[Captioned web images]
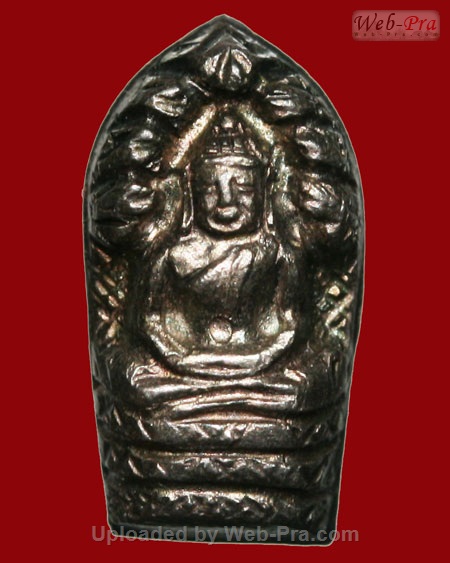 ปี 2517 พระปรกใบมะขามรุ่นแรก หลวงพ่อคูณ ปริสุทโธ วัดบ้านไร่ (2.เนื้อเงิน)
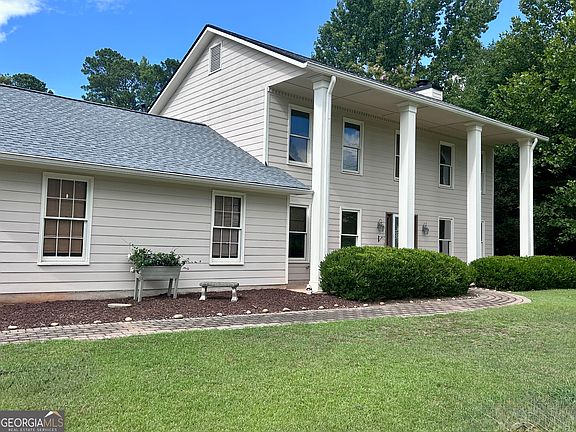 2nd image of 200 Hedgewood Ct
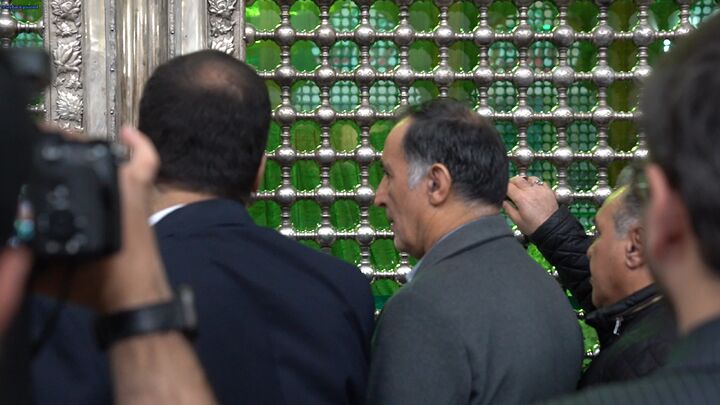 گزارش تصویری/ حضور مسئولان بنیاد شهید در حرم امام خمینی (ره)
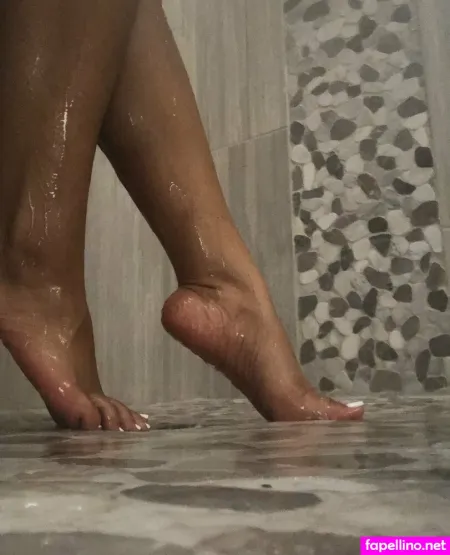 Bella Feet Sweet OnlyFans Thumbnail #6NfiCKdcE8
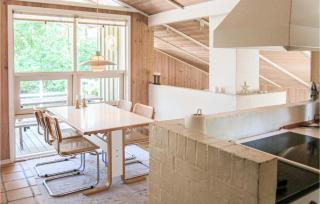 Nice Home In Nexø With Wifi - 6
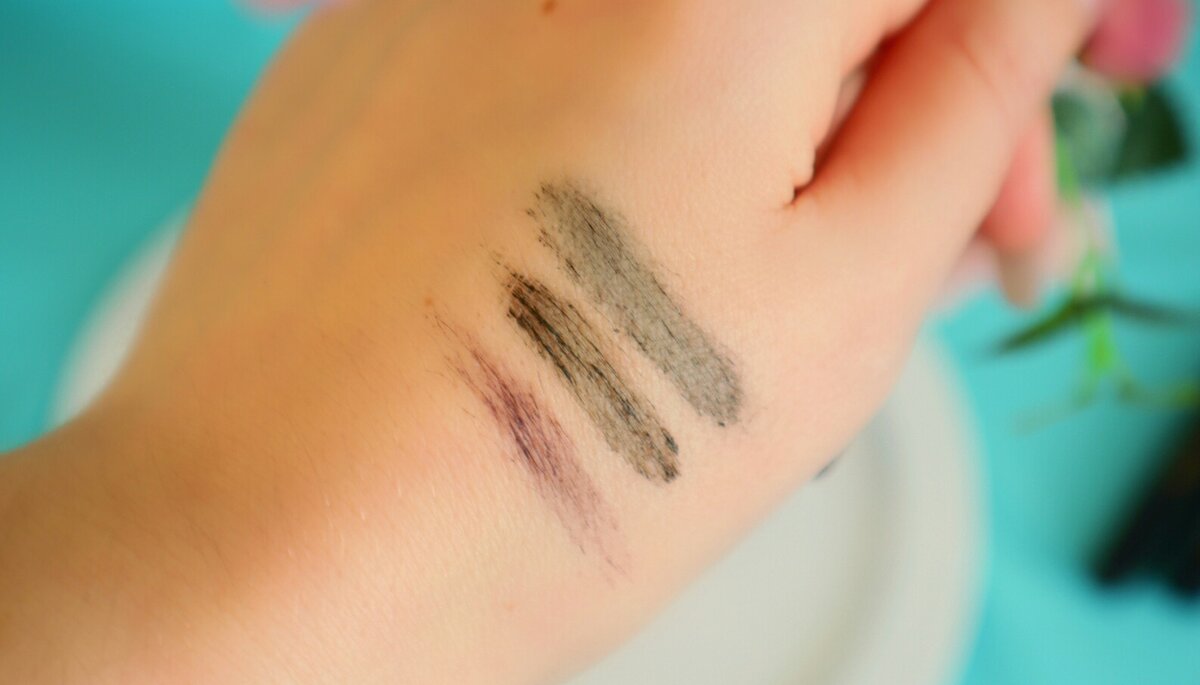 Оттенки туши, которые на ресницах выглядят не как цветные, а как смягченные черные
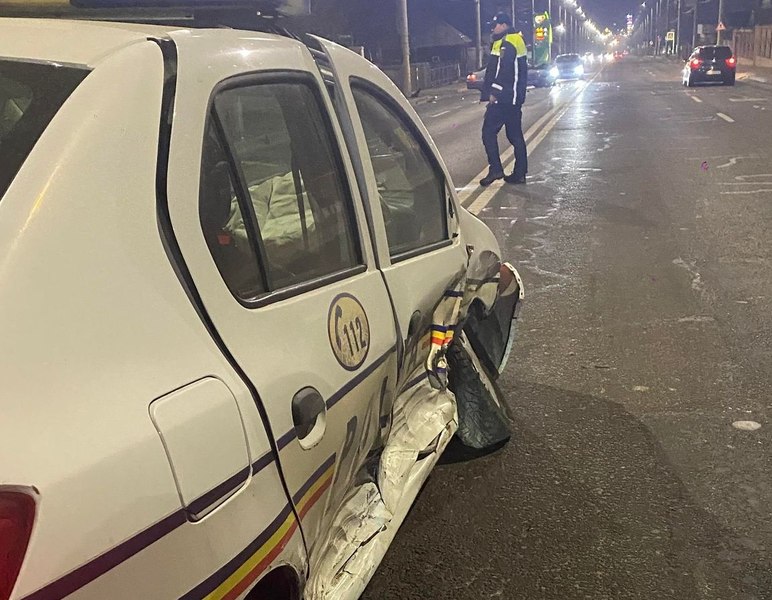 Accidente de weekend. O mașină de Poliție a fost lovită de un BMW, iar o femeie s-a urcat beată criță la volan 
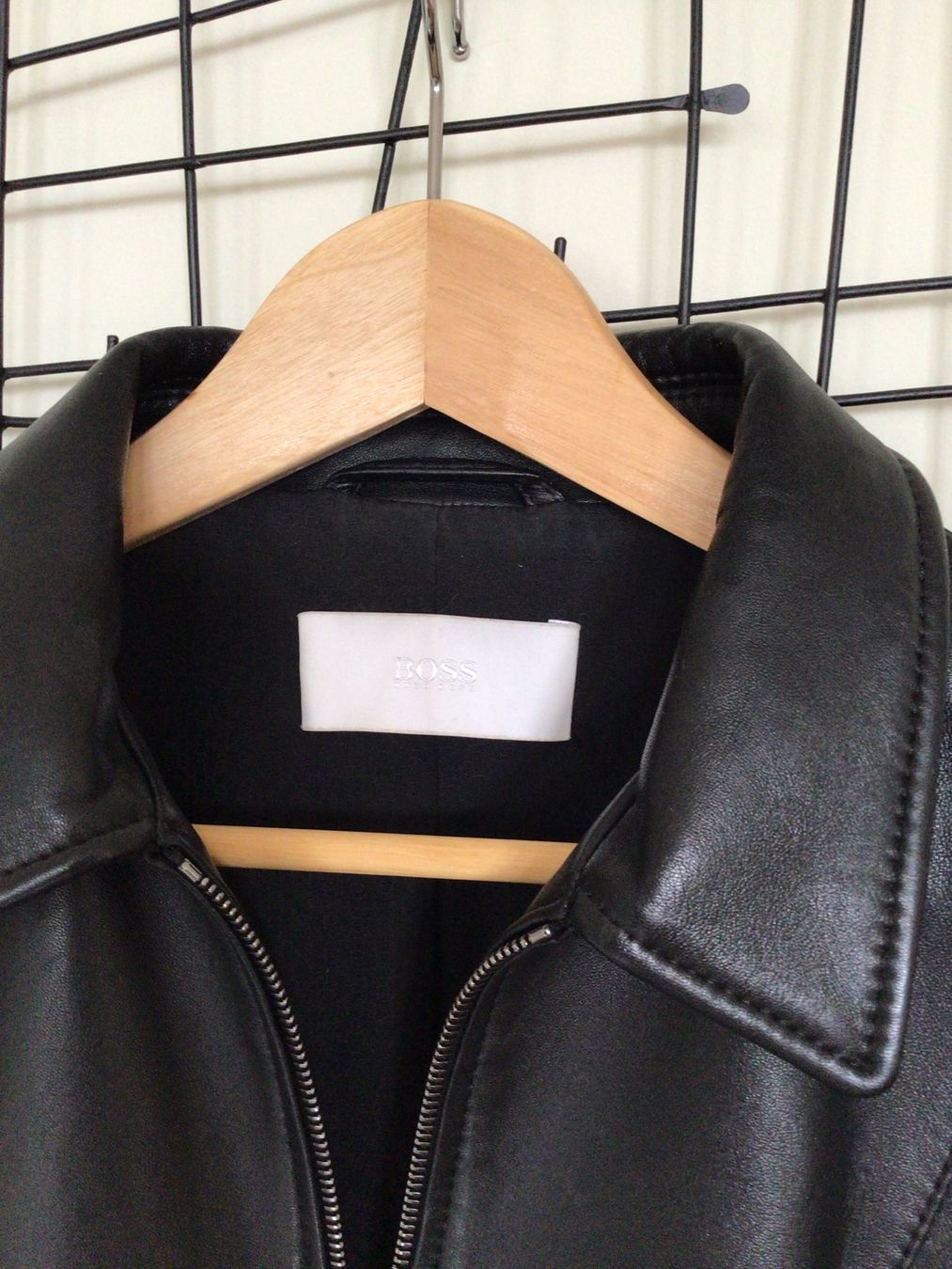 Hugo Boss Giacche: Jacke Leder – Usato da Zürich venduto da ElarmariodeRuth 1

● **TO DO**
Exactly repeat only the lines from the one with "Bella Feet Sweet" to the closing line above, both included, and omit every picture.

● **EXPECTED OUTPUT**
 Bella Feet Sweet OnlyFans Thumbnail #6NfiCKdcE8
 Nice Home In Nexø With Wifi - 6
 Оттенки туши, которые на ресницах выглядят не как цветные, а как смягченные черные
 Accidente de weekend. O mașină de Poliție a fost lovită de un BMW, iar o femeie s-a urcat beată criță la volan 
 Hugo Boss Giacche: Jacke Leder – Usato da Zürich venduto da ElarmariodeRuth 1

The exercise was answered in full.